The performance of “Loch Lomand” is also effectively the opening number, of which Viertel identifies two most common forms—in the first, “we get to meet and hear from everyone,” with all or most of the company on stage at once. In the second, “we are left in the hands of one protagonist, who sets the scene with no help from the rest of the cast.” Obviously I’ll Never Love Again pushes this category as well. Is there a crowd on stage, or is this a solo? Barron hints at the answer by calling her work “a chamber piece.” We’re hearing from everyone, and simultaneously in the hands of one person. Maybe, to some extent, that’s always the case in a well-told story.
(It also may not be particularly productive or in the spirit of Barron’s work to view it through this overtly structural formula—as Ben Brantley noted in his review, the production asks that you “go with your intuition instead of your intellect,” which certainly isn’t what I’m doing here. But I loved the piece on stage, and I’m fairly confident I “went with my intuition” in doing so, so hopefully I’m allowed to examine it a little in a different light now.)
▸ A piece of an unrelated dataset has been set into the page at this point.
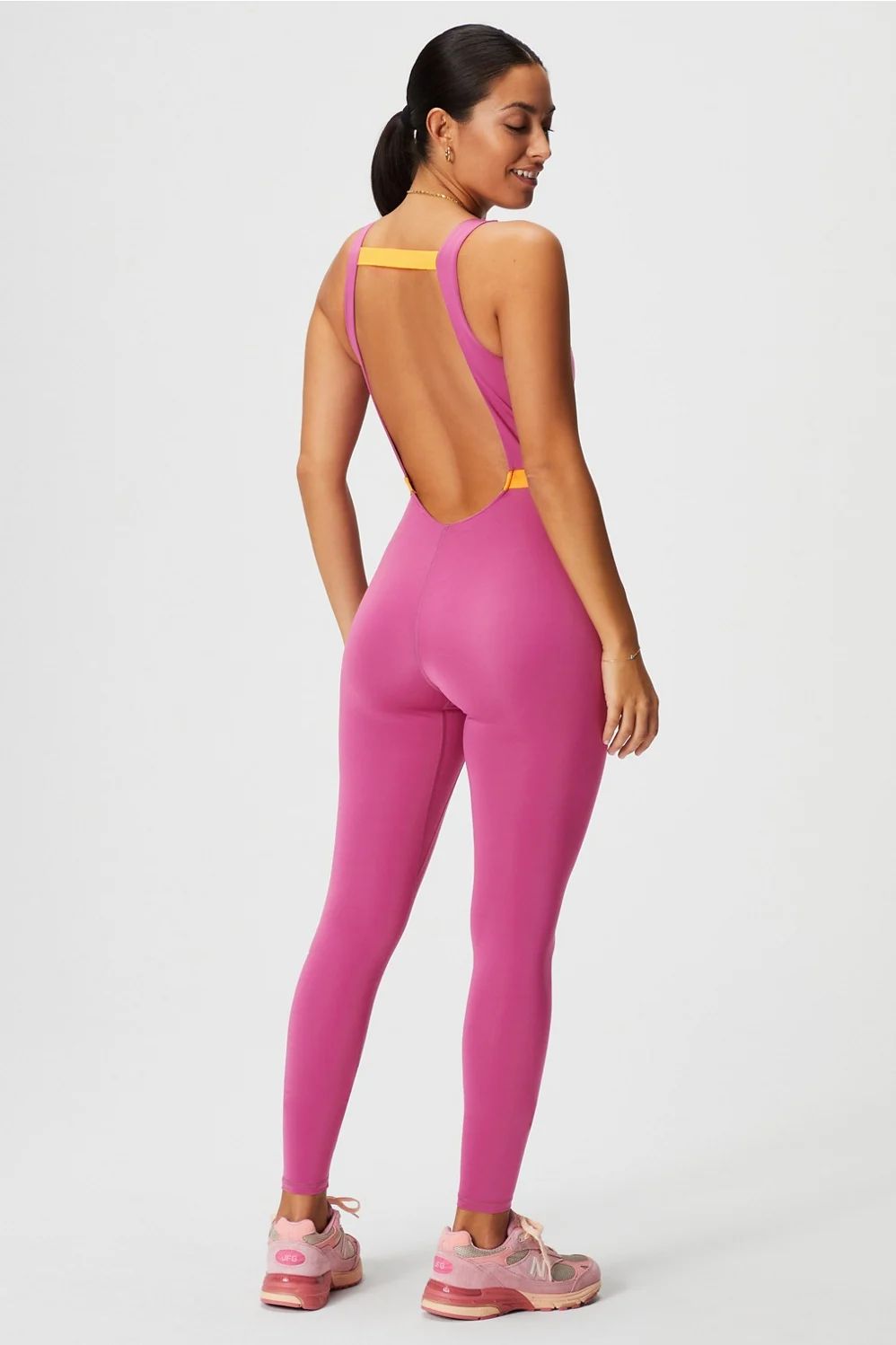 Motion365+ Onesie | Fabletics - North America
A few days after my trip to The Bushwick Starr, I saw The Marriage of Figaro for the first time at the Metropolitan Opera. (As little as I know about theater in general, I know much less about opera—but let me say here for the record that I do know that there is a difference between opera and the Broadway musical. A while ago on this blog I tried to draw a straight line between Steven Universe and Flannery O’Connor’s short stories; I just like to compare things, okay?)
Obviously Figaro would be, if anything, an ancestor/inspiration for the rules Viertel outlines in his book, not a conscious adherent to them. And it could hardly have been more different, in form or staging, from Barron’s piece in Bushwick. But seeing it with Viertel’s book on the brain, it seemed to have the same mix of structure and surprise, including in its opening. In this production the overture amounted to a kind of quotidian ballet—the huge set rotating on a turntable, showing the characters one by one at work (or at rest) in each chamber of Count Almaviva’s castle. “We get to meet everyone,” as Viertel would have it—but not hear from them; the first song is the duet “Cinque, dieci, venti” (Five, ten, twenty) between the principle couple of Figaro and Susanna—again, close to one of Viertel’s common types of opening number (opera buffs, please don’t strike me down for using the phrase in this context), as the couple “sets the scene with no help from the rest of the cast”—but it’s a duet, not a solo.
I know that Viertel’s formula was a freshly acquired hammer for me, and so I almost certainly took my seats at the Starr and the Met eager to see as many nails as possible. Both I’ll Never Love Again and The Marriage of Figaro were lovely and virtuosic in many ways that defy analysis, or at least this frame of analysis. But I did find it fascinating to see two works of theater, one new and experimental, the other intensely traditional, both using the apparently timeless “rules” of musical storytelling mindfully—and yet with no preoccupation with adhering to them. And if any opera experts out there want to try to retroactively map the 11 o'clock number in The Marriage of Figaro, I would love to hear about it.